INSTRUCTIONS FOR THE TASK: With the pictures left out, restate exactly the part below that opens with the line containing "Podkład mineralny matujący" and closes with the line containing "1/144 HGUC 034 Garma's Zaku II FS".

RECORD SET:
== Segment start ==

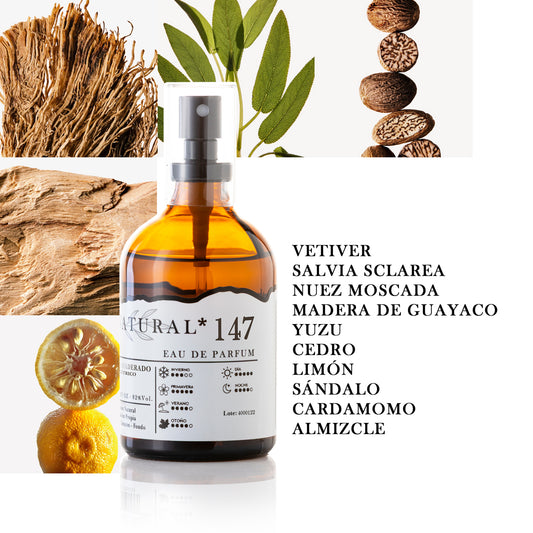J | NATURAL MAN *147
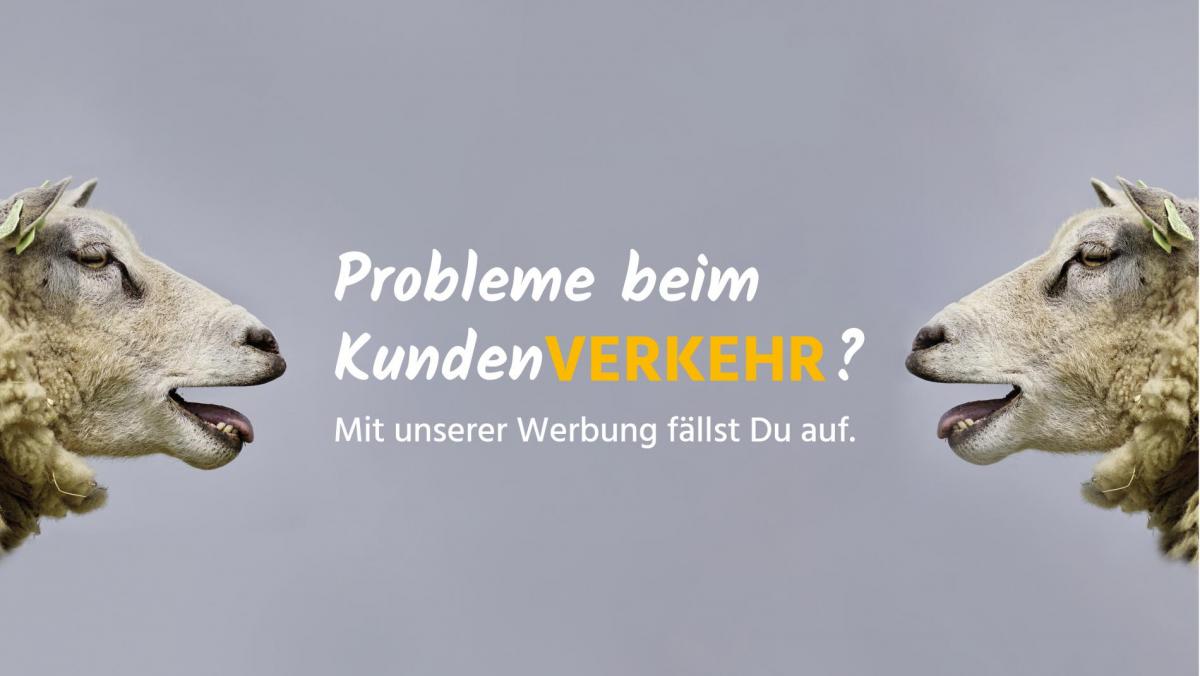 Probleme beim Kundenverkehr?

== Segment end ==
== Segment start ==

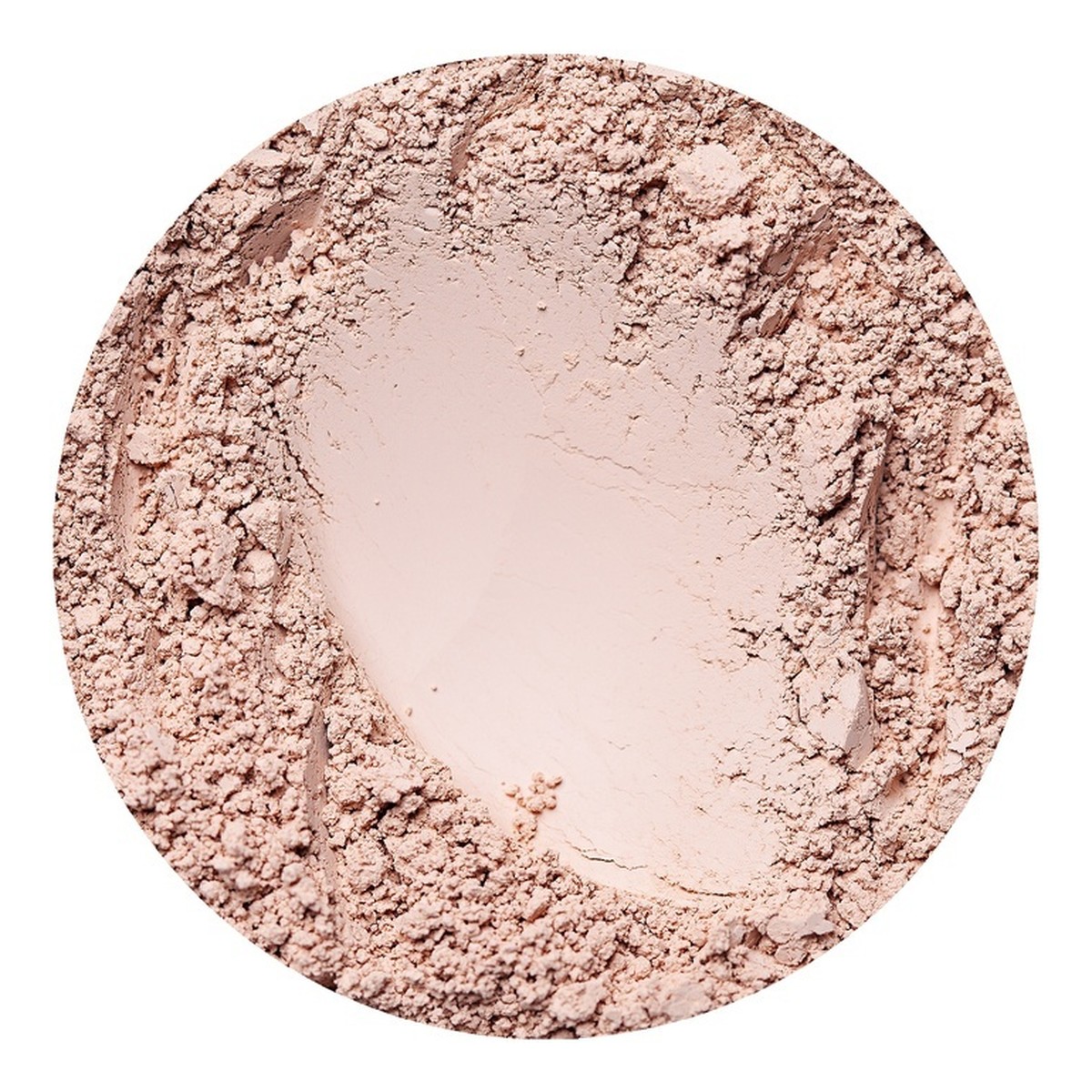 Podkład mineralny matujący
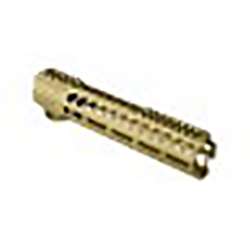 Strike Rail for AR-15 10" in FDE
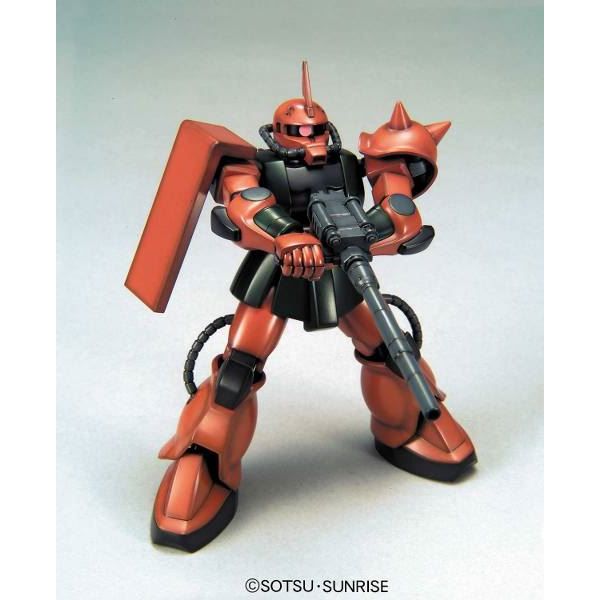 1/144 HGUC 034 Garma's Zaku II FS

== Segment end ==
== Segment start ==

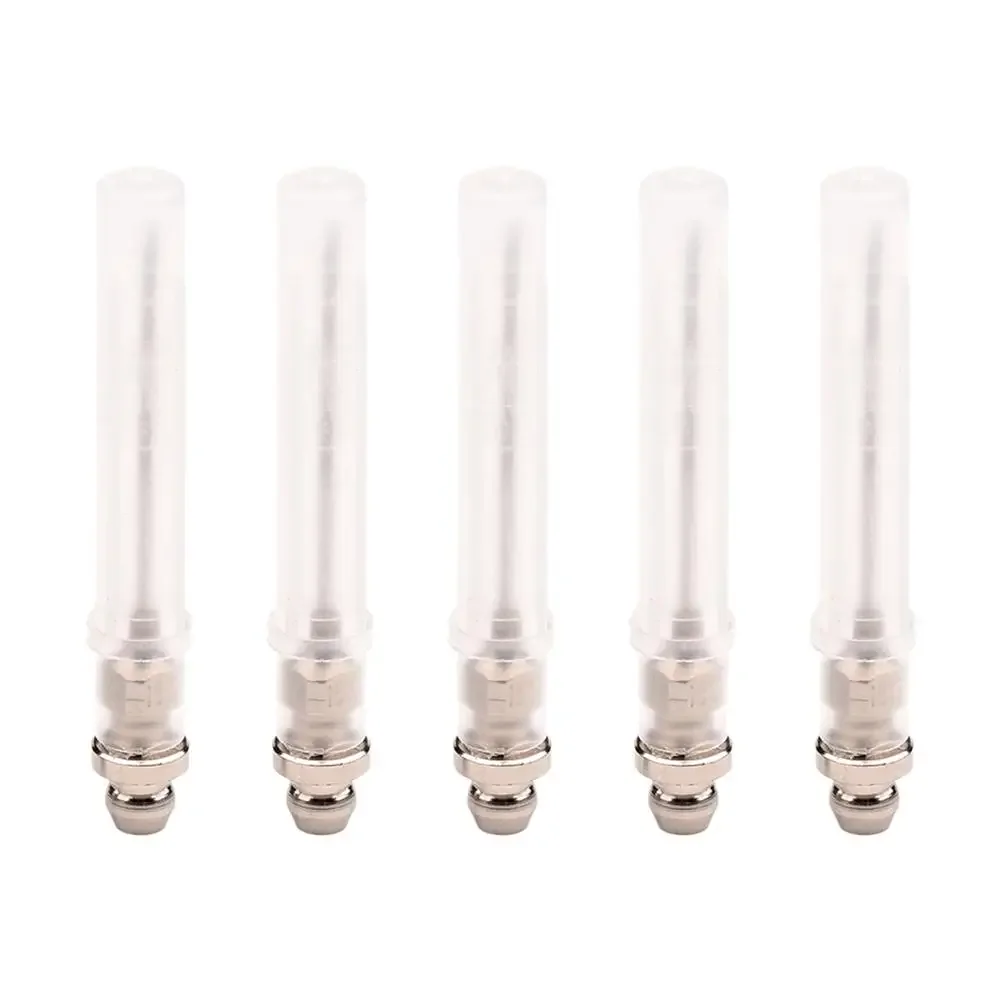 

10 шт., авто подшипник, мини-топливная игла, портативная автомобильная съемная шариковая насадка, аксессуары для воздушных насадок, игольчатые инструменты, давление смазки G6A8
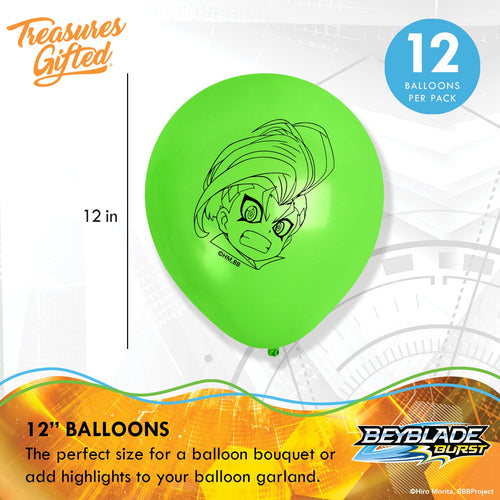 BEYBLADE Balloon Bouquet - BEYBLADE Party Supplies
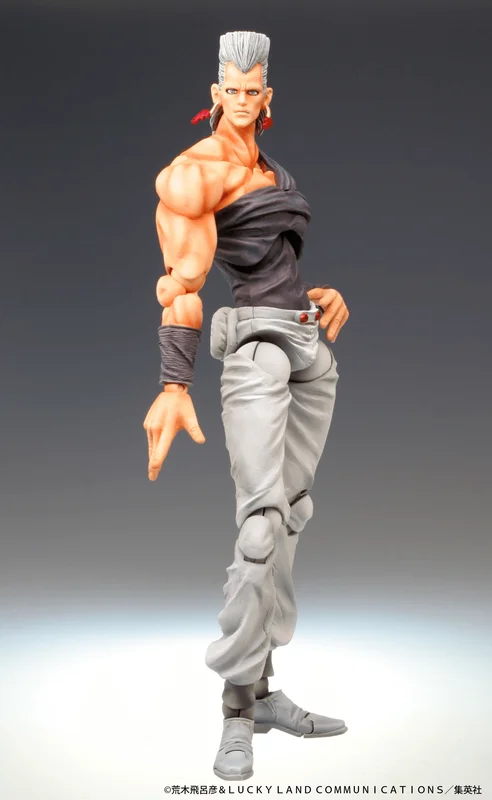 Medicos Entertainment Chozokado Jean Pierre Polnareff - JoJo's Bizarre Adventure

== Segment end ==

SOLUTION FOR THIS TASK:
 Podkład mineralny matujący
 Strike Rail for AR-15 10" in FDE
 1/144 HGUC 034 Garma's Zaku II FS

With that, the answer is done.